## EXERCISE INSTRUCTIONS:
Starting at the line with "El Dortmund no", return every line through the final one of the data, word for word. Pictures stay out.

(Image-text web data)
◇ ◇ ◇ ◇ ◇ ◇ ◇

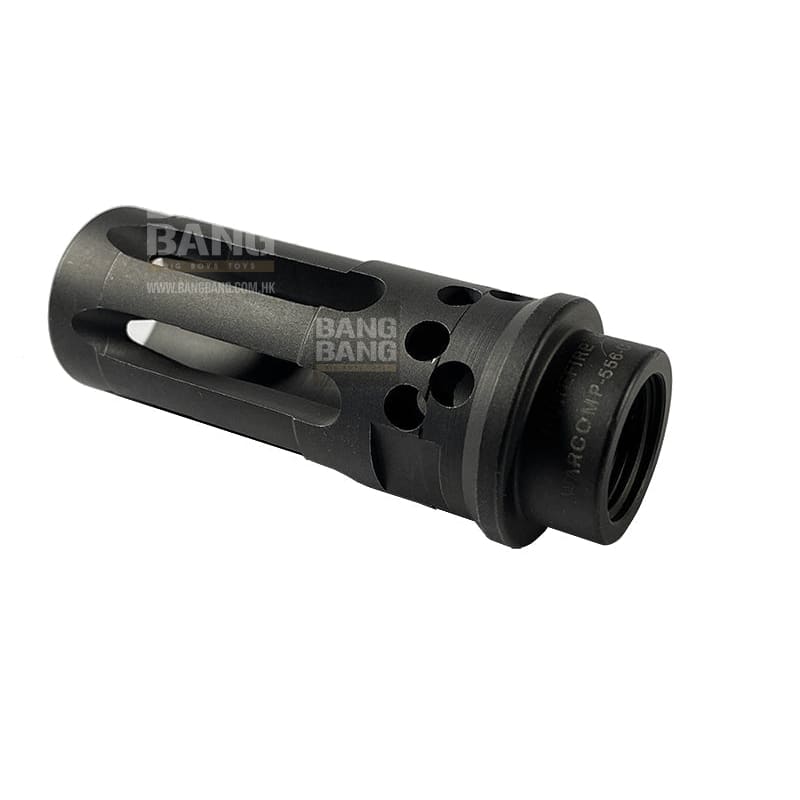 Dytac Warcomp 556 Flash Hider for 14mm CCW - Bang Bang Airsoft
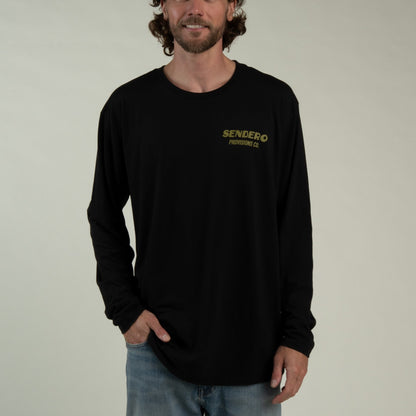 Sendero Provisions Co. Deer Fishers Long Sleeve T-Shirt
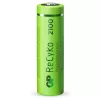 Uudelleenladattava akku GP Batteries ReCyko+ 2100 mAh 4 kpl AA NiMH
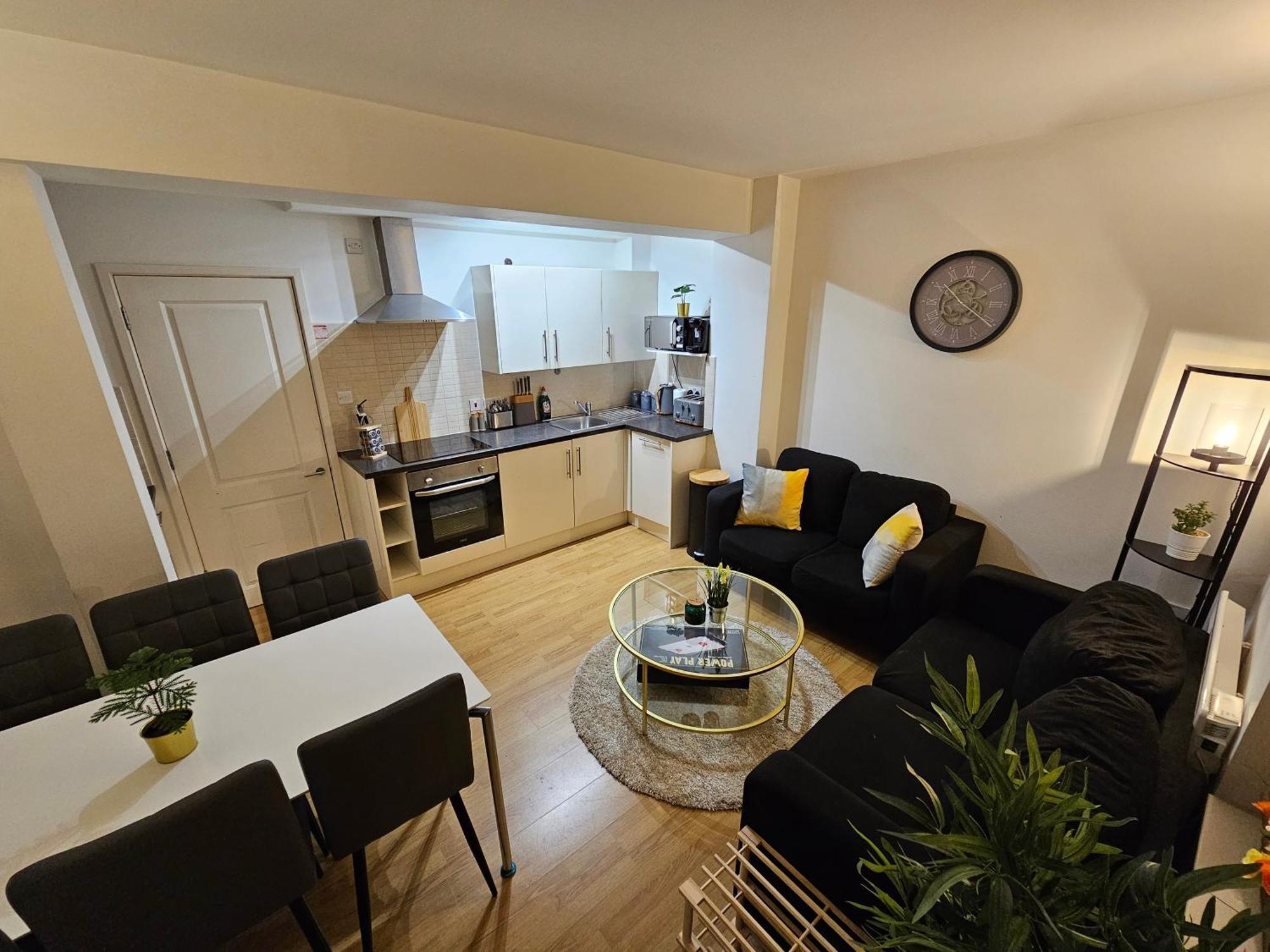 2bdr Islington Close To Station Leilighet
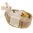 ❤ Filzmaus in Badewanne mit gelber Ente  ❤ Filzmäuse ❤ Mäuschen ❤ Entilein ❤ Dekorationsfiguren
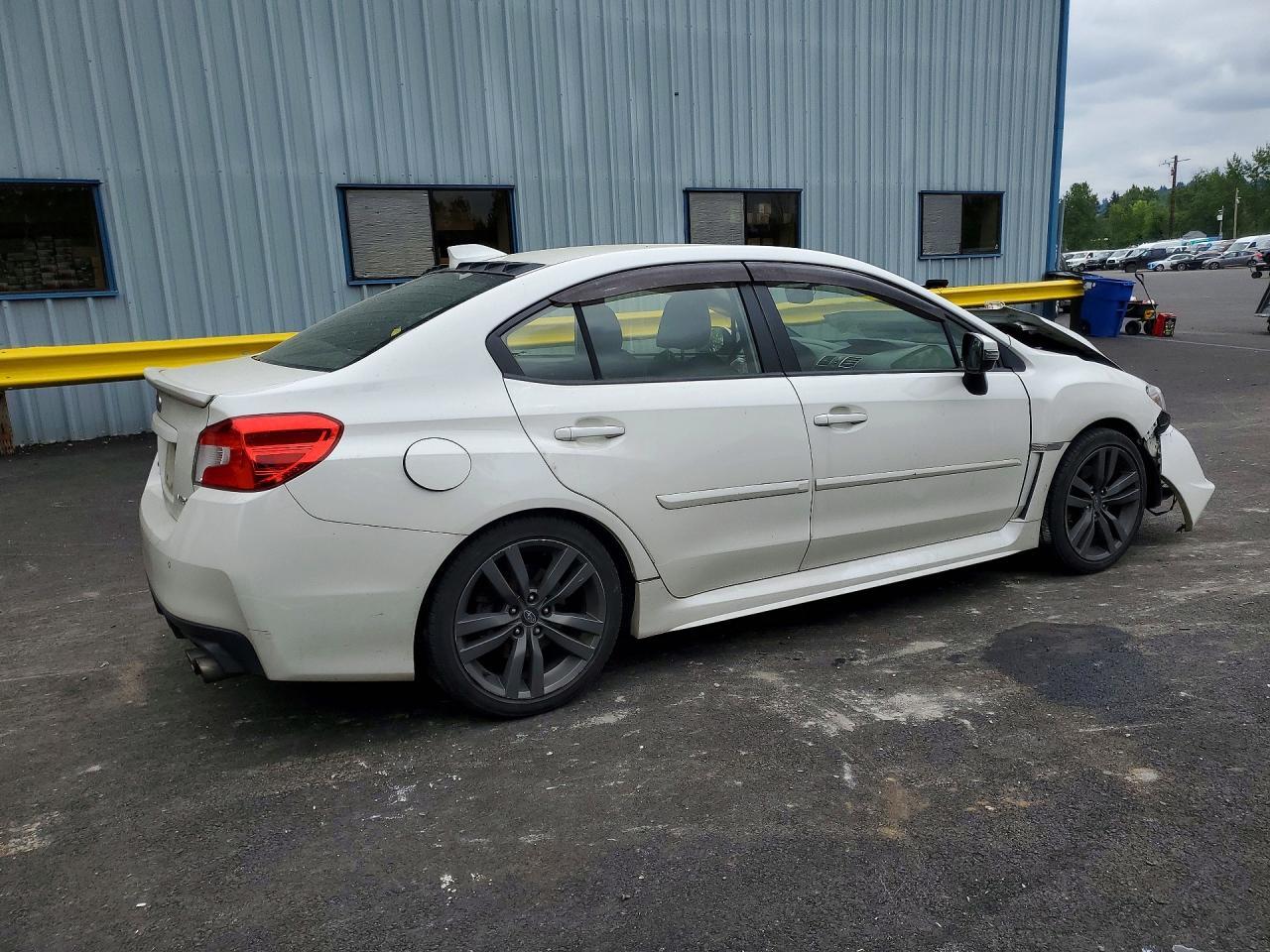 2017 Subaru Wrx Limited - Фото 3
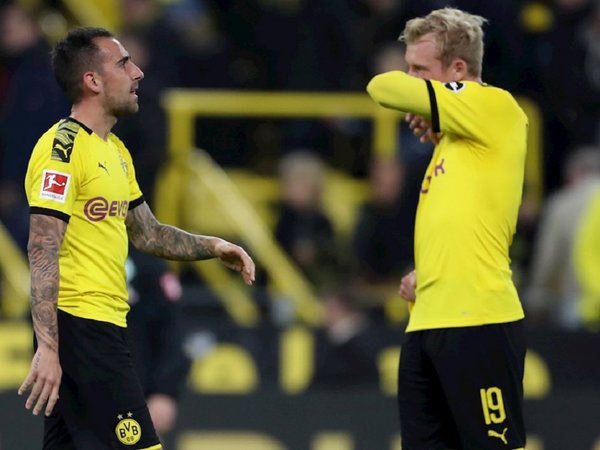El Dortmund no pasa de un empate a dos goles en casa ante el Bremen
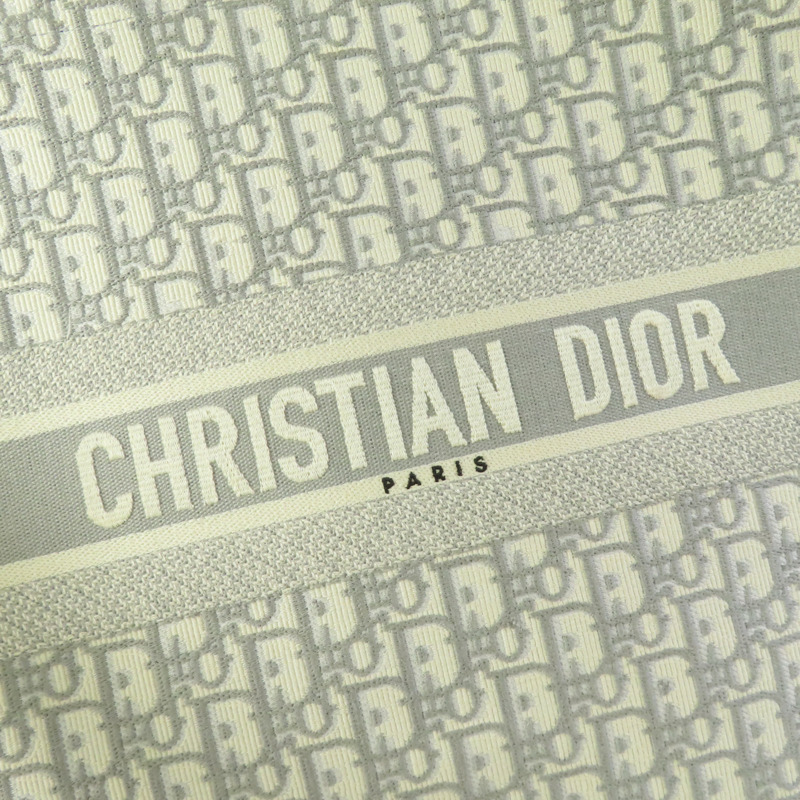 Dior 帆布Book Tote Large手挽袋-10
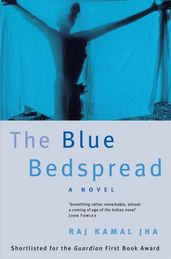 Book cover for The Blue Bedspread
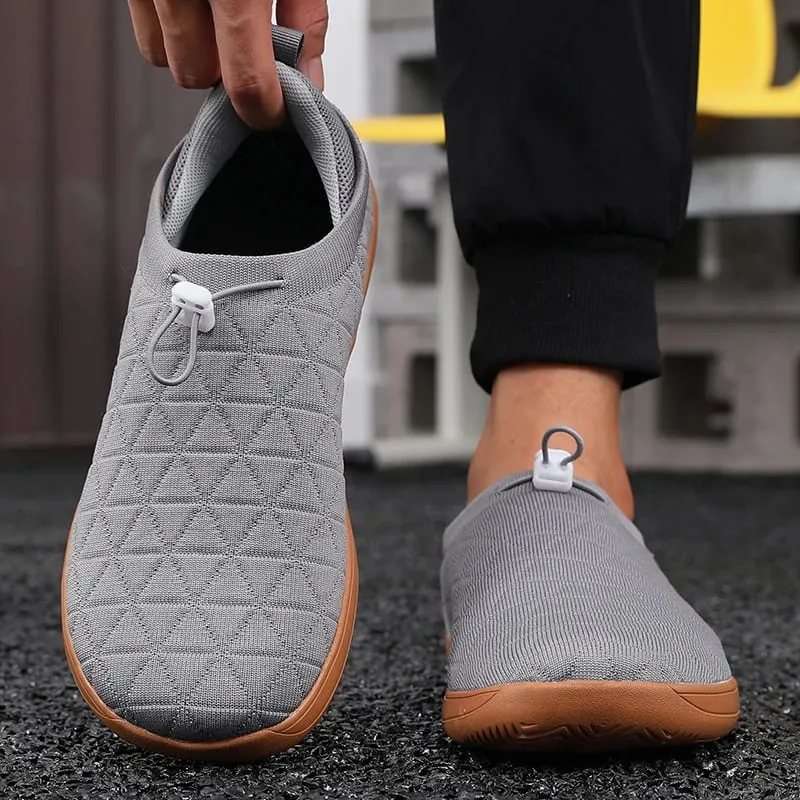 Men High Quality Unisex Barefoot Sneakers Wide Toe Minimalist Zero Drop Non Slip Shoes Lace Up Mesh Casual Sneaker Footwear 2026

◇ ◇ ◇ ◇ ◇ ◇ ◇

## SOLUTION TO THE PROBLEM:
El Dortmund no pasa de un empate a dos goles en casa ante el Bremen
 Dior 帆布Book Tote Large手挽袋-10
 Book cover for The Blue Bedspread
 Men High Quality Unisex Barefoot Sneakers Wide Toe Minimalist Zero Drop Non Slip Shoes Lace Up Mesh Casual Sneaker Footwear 2026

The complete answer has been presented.